Jarczow Jewish Cemetery
Jarczów was founded as a private town in 1755 under the Magdeburg Law. Jews have lived there since the founding of the town. The synagogue complex was located just behind the northwest corner of the market. In 1886, 328 Jews lived among 386 inhabitants (87% of the total population), and in 1921, there were 208 Jews among 956 inhabitants (22% of the total population). During World War II, the Germans destroyed the buildings of the synagogue complex and, after the war, the ruins were pulled down. In 1942, the Germans deported the Jews to the death camp in Bełżec.

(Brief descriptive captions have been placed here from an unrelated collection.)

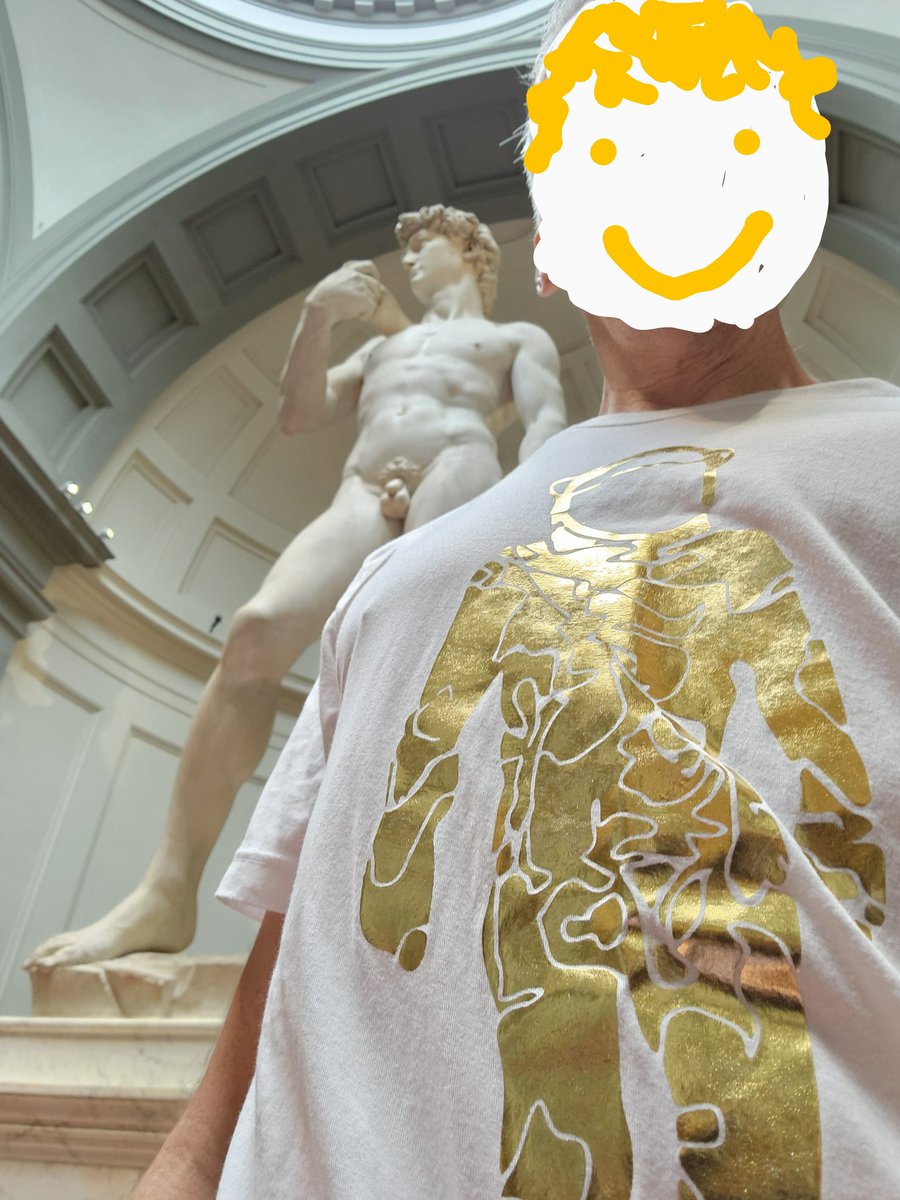 steveMrosenberg's tweet photo. Bridging the generational gap between artistic and sculpting masters. @BMArt_33 @BoonjiProject #boonjiproject https://t.co/G4udlFValW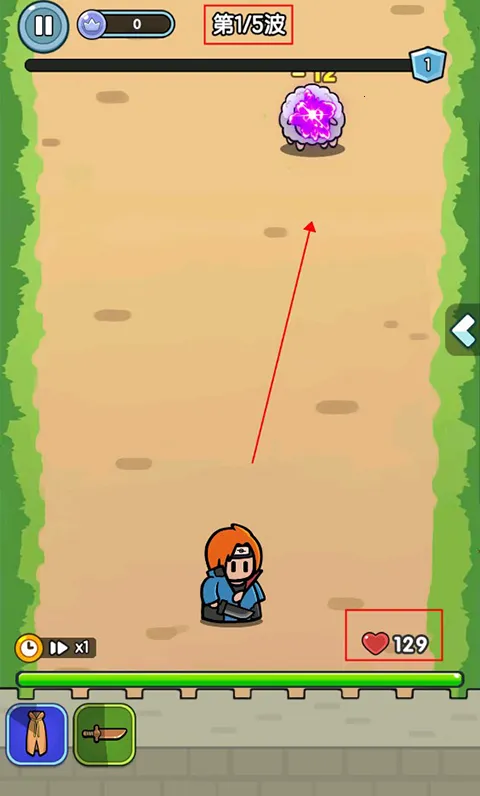 背包勇者2025最新版本 背包勇者2025最新版本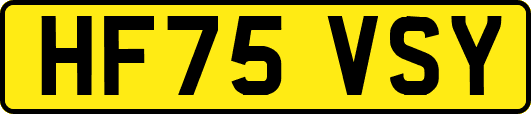 HF75VSY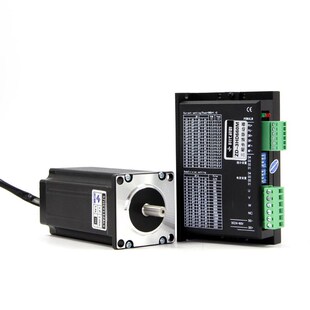57三相步进电机1.2NM1.8NM2.2NM2.8NM搭配驱动ZD 3HD660M稳定性高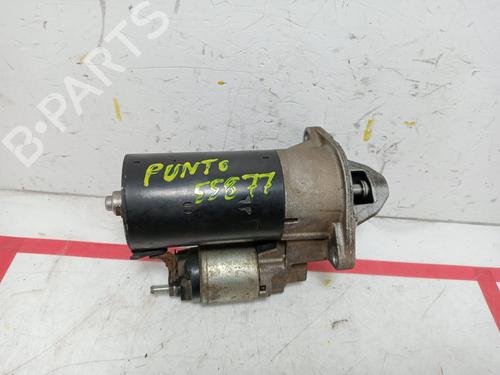 Used Starter FIAT PUNTO (188_) 1.9 JTD (86 hp) 32470311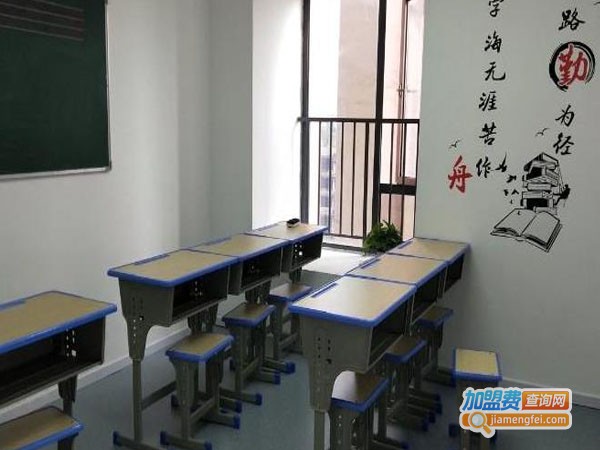 博优教育加盟门店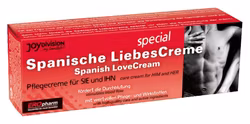 Spanish Lovecream 40 ml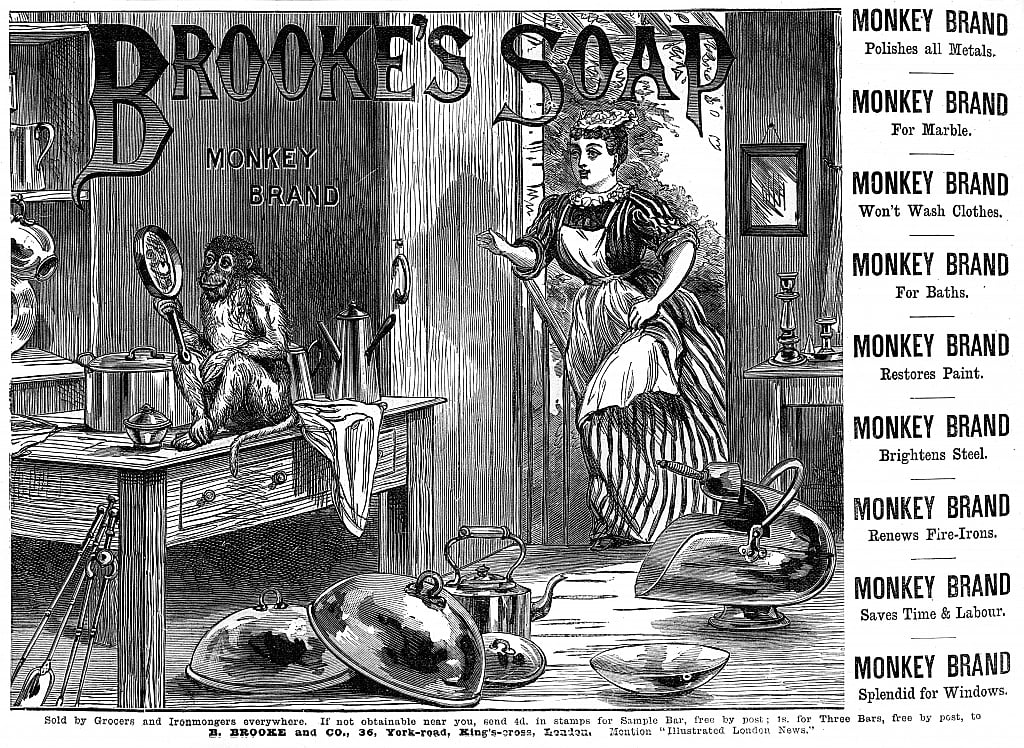 Brooke_s_Monkey_Brand_Soap 1887a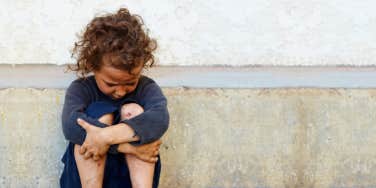 I Chose To Raise My Children In Poverty To Avoid Daycare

The cemetery was likely established just after the town was founded and was located about 300 metres southwest of the market square, among the fields. It was gradually expanded over the years and, in the second half of the 19th century, it covered an area of 1 morga (approximately 0.56 hectares (ha)). During World War II, the Germans destroyed the cemetery, and the tombstones were used to reinforce the roads. Today, the original 18th-century remains of the cemetery, which covers a quadrilateral-shaped plot of land with an approximate area of 0.06 ha, are visible. The cemetery is moreover covered with trees and there are more than a dozen fragmented limestone and sandstone tombstones. The oldest matzevah is dates to approximately 1760–1780. The other part of the cemetery is used as arable land. The boundaries of the cemetery are imperceptible. So far, two matzevot were removed from the streets, one of which was mounted on the wall at the church square, and the other of which was placed in the cemetery.